After performing on Johnny Winter’s first three albums—and appearing with the albino bluesman at Woodstock—Shannon hooked up with a 15-year-old Vaughan in Austin. He played with him for a few months in ’72 in the rock band Krackerjack, and then in ’81 took his revered place beside Layton in Vaughan’s influential trio, Double Trouble. Two years later that lineup took the world by storm when its Texas Flood proved once and for all that blues could be a potent commercial force.

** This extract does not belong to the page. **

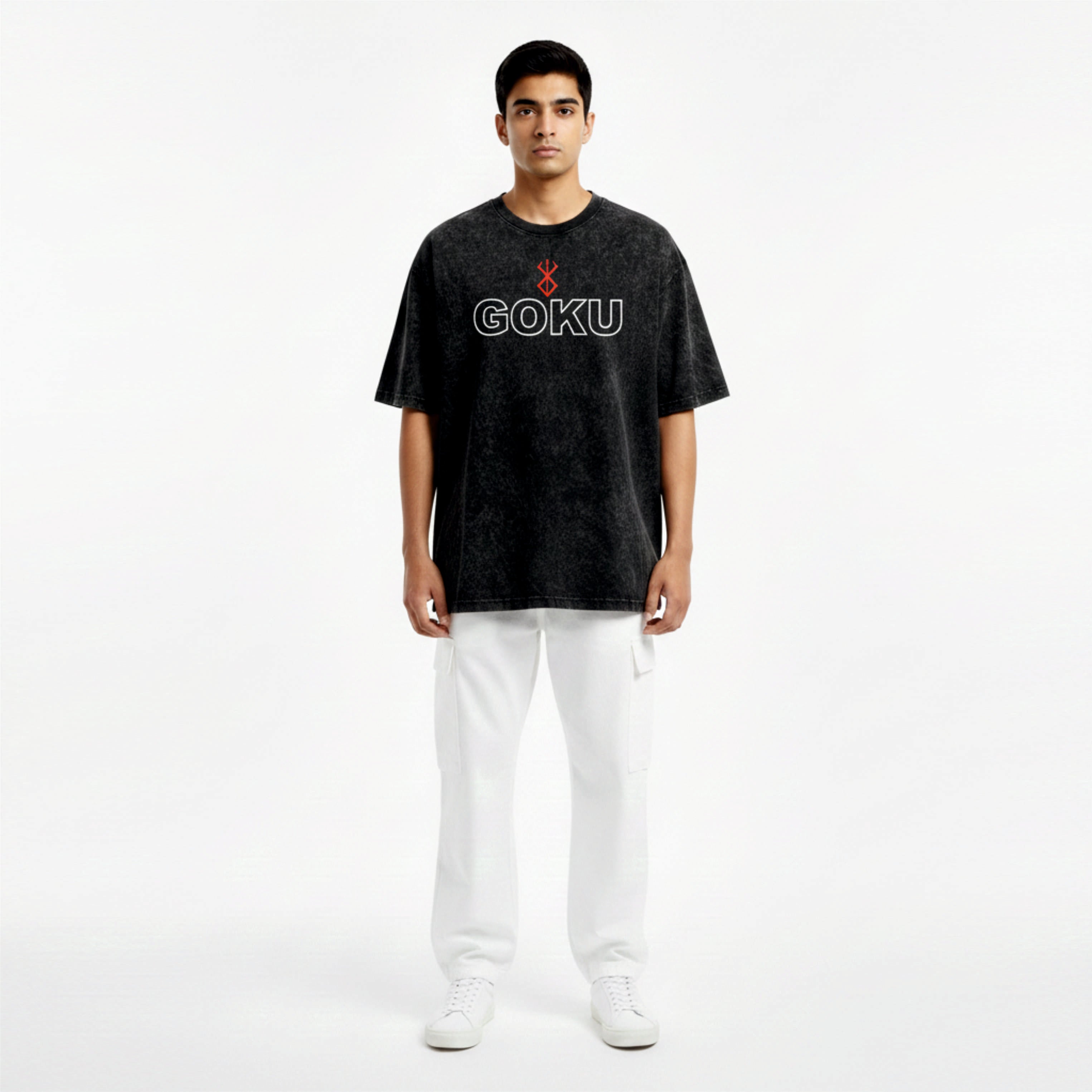 Person wearing a black t-shirt with 'GOKU' printed on it against a white background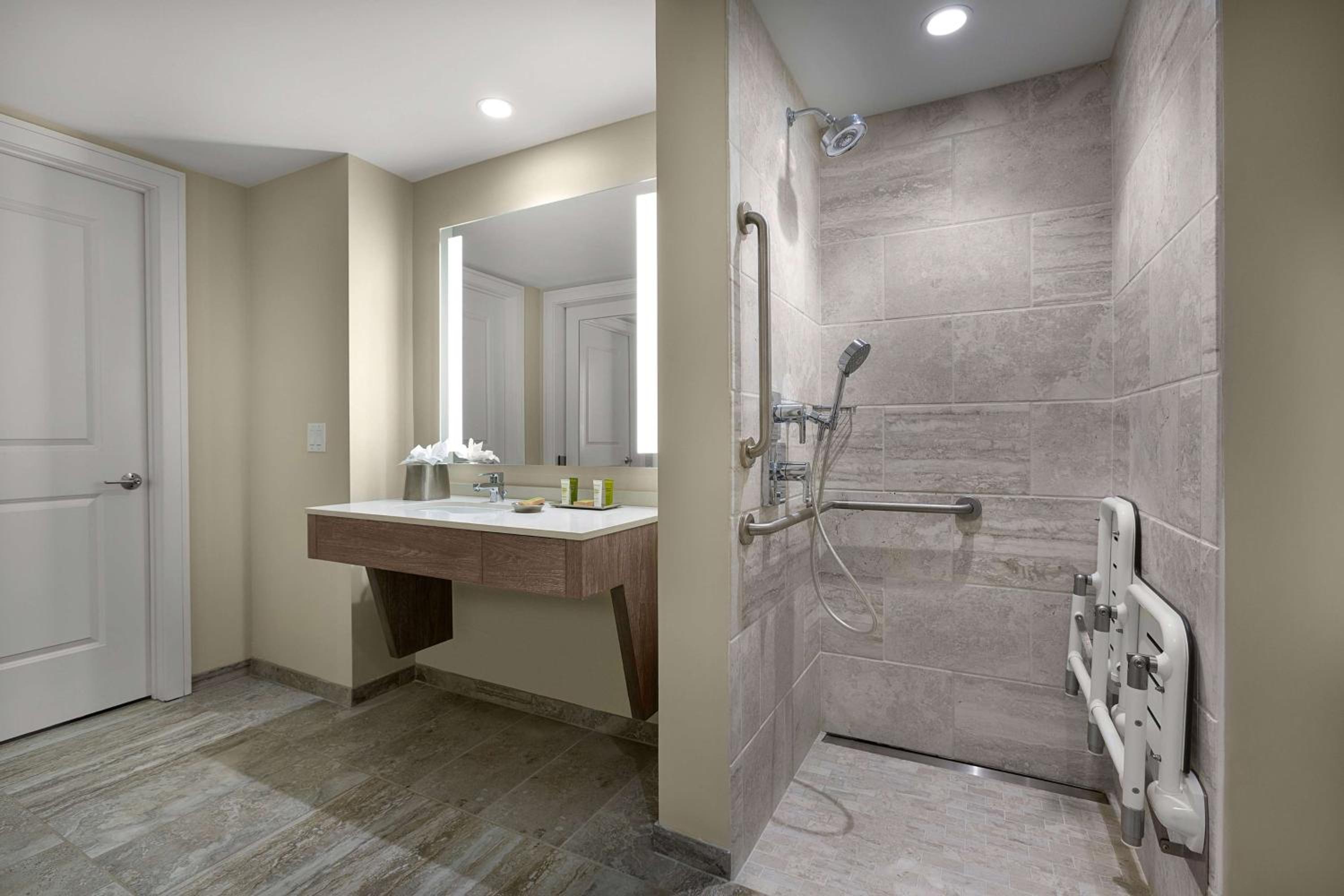 Two-Bedroom Suite with One King Bed and Two Double Beds, Roll-in Shower – Mobility Accessible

During their time as Vaughan’s rhythm section, Shannon and Layton were rarely credited for songwriting—the 1989 hit “Crossfire” being an exception—but for Been a Long Time, they wrote or cowrote half the material. “That was the main inspiration for doin’ this record,” Shannon points out. “If we were gonna do a record at all, we wanted to do one in which we had a lot to do with the creativity on it, and not just bring in people and play a bunch of blues songs. There wouldn’t have been anything special about that.”

When Double Trouble hits town, they’ll be accompanied by vocalist Malford Milligan, vocalist-guitarist Tina Schleiske, and guitarists Billy Cassis and Mike Ingles. And there’s always the chance that openers Tony D and David Gogo—the latter a onetime protegé of Stevie Ray’s—might wander back on-stage for a jam. Whatever happens, you can rest assured that the drum ’n’ bass action will be as steady as it comes. Shannon, who names studio ace Willie Weeks as his all-time favourite bassist, is asked what he feels is his own greatest skill on the four-string.

“Oh, man, that’s a hard question,” he says. “Mmm… I think the fact that I’ve stuck with it for so long, for one thing. And I love music so deeply—I hope that comes through in my playing. But I’m what I think of as a simple bass player; I don’t get real complicated, and I try to play more with the groove. Because when you find the groove in that pocket, there’s nothin’ as much fun as that.”